• Provided data:
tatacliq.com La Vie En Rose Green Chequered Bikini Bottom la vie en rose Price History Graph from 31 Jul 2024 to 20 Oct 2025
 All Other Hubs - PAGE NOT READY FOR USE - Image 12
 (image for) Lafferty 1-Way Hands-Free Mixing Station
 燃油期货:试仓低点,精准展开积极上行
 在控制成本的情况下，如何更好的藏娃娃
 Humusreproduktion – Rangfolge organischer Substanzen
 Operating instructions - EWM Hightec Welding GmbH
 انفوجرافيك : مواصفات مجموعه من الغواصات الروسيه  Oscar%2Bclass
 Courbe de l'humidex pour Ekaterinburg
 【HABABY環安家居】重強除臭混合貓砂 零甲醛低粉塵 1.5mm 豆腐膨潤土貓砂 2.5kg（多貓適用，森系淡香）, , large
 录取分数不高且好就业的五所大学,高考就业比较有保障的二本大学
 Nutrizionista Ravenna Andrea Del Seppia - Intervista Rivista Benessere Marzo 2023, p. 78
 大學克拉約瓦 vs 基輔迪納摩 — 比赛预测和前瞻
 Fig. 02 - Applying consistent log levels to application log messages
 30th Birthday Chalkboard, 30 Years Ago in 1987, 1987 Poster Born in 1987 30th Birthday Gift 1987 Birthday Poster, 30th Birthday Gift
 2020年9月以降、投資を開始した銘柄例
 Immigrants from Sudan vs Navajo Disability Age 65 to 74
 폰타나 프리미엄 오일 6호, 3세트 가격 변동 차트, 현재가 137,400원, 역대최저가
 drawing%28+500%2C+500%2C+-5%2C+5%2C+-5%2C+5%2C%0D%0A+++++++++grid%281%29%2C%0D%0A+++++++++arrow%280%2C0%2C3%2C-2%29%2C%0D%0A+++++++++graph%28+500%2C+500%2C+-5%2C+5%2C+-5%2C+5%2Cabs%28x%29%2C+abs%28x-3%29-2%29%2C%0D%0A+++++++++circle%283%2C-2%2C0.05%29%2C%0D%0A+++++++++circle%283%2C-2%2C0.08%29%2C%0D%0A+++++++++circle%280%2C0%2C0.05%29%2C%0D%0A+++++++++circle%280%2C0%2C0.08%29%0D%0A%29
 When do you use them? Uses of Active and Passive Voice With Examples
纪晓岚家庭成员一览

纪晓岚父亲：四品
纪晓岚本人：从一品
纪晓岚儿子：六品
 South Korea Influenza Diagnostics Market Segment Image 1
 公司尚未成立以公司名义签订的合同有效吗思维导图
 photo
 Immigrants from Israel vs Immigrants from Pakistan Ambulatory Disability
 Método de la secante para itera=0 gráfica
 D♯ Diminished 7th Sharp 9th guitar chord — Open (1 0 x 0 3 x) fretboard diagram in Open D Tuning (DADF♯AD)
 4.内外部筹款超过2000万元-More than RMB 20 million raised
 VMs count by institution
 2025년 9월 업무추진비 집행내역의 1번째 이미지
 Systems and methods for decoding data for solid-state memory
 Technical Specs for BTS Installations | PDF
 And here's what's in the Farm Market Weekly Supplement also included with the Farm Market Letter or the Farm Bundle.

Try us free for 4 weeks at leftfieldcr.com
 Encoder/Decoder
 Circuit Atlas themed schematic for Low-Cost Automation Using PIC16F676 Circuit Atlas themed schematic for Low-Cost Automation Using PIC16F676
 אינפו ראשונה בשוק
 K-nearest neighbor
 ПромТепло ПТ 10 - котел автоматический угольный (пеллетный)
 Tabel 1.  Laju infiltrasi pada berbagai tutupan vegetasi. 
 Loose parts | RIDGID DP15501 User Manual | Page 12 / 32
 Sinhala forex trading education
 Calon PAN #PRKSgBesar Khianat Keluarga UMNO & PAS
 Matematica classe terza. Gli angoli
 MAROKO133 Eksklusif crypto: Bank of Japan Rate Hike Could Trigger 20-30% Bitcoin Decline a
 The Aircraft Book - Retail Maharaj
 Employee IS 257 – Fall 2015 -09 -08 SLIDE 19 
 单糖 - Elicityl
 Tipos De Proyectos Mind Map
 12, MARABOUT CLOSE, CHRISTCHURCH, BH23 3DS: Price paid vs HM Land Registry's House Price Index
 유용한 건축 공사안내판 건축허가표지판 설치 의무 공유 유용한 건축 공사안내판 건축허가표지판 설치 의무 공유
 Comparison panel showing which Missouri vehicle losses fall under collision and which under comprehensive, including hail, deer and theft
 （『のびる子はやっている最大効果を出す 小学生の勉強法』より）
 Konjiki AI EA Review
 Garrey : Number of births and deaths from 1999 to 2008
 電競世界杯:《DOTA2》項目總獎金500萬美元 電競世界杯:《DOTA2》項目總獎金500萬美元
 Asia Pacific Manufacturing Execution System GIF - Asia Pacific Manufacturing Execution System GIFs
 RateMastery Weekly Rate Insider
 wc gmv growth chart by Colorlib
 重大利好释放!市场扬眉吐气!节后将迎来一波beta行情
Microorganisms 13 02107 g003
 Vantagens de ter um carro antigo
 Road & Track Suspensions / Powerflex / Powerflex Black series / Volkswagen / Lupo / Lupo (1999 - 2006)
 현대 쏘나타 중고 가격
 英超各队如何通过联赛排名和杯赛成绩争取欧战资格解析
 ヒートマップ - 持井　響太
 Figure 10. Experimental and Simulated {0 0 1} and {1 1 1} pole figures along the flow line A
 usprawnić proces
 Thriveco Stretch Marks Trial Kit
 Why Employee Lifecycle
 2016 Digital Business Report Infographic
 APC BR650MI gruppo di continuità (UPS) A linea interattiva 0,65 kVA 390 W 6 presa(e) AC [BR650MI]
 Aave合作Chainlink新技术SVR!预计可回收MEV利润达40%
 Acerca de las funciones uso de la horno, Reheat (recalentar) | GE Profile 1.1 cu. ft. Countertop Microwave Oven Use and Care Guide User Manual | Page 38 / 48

• What the task asks: Everything from the line with "The Aircraft Book - Retail Maharaj" through the line with "Comparison panel showing" in the listing above must be retyped exactly, with nothing added.

• Output of the task:
 The Aircraft Book - Retail Maharaj
 Employee IS 257 – Fall 2015 -09 -08 SLIDE 19 
 单糖 - Elicityl
 Tipos De Proyectos Mind Map
 12, MARABOUT CLOSE, CHRISTCHURCH, BH23 3DS: Price paid vs HM Land Registry's House Price Index
 유용한 건축 공사안내판 건축허가표지판 설치 의무 공유 유용한 건축 공사안내판 건축허가표지판 설치 의무 공유
 Comparison panel showing which Missouri vehicle losses fall under collision and which under comprehensive, including hail, deer and theft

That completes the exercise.